Exercise inputs |
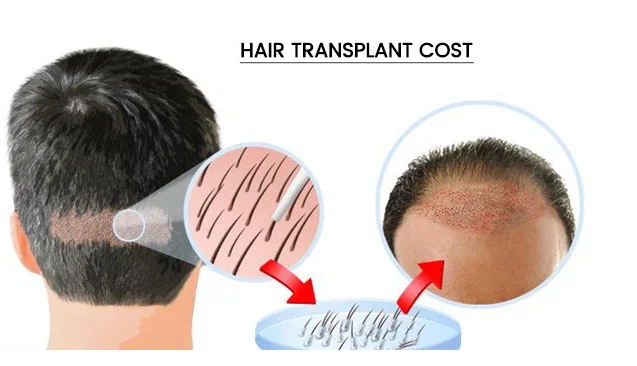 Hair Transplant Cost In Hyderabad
* * *
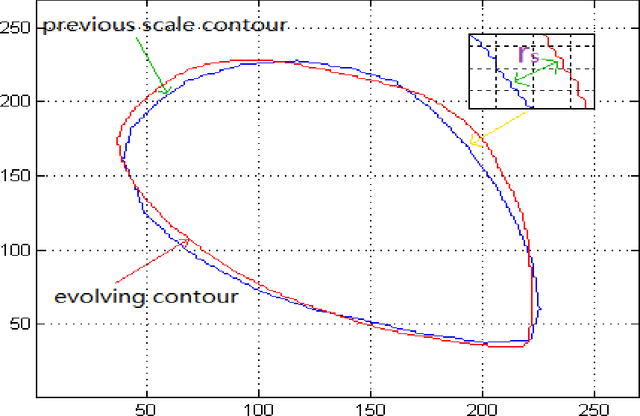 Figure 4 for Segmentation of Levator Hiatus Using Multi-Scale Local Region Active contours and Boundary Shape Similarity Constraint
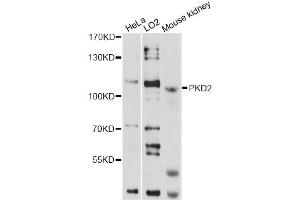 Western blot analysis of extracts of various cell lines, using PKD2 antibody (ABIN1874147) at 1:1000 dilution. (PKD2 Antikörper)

Exercise |
Leave the pictures out. Output, exactly, the lines of the material above starting at the line containing "Figure 4 for" and ending at the line containing "Western blot analysis".

Your response |
 Figure 4 for Segmentation of Levator Hiatus Using Multi-Scale Local Region Active contours and Boundary Shape Similarity Constraint
 Western blot analysis of extracts of various cell lines, using PKD2 antibody (ABIN1874147) at 1:1000 dilution. (PKD2 Antikörper)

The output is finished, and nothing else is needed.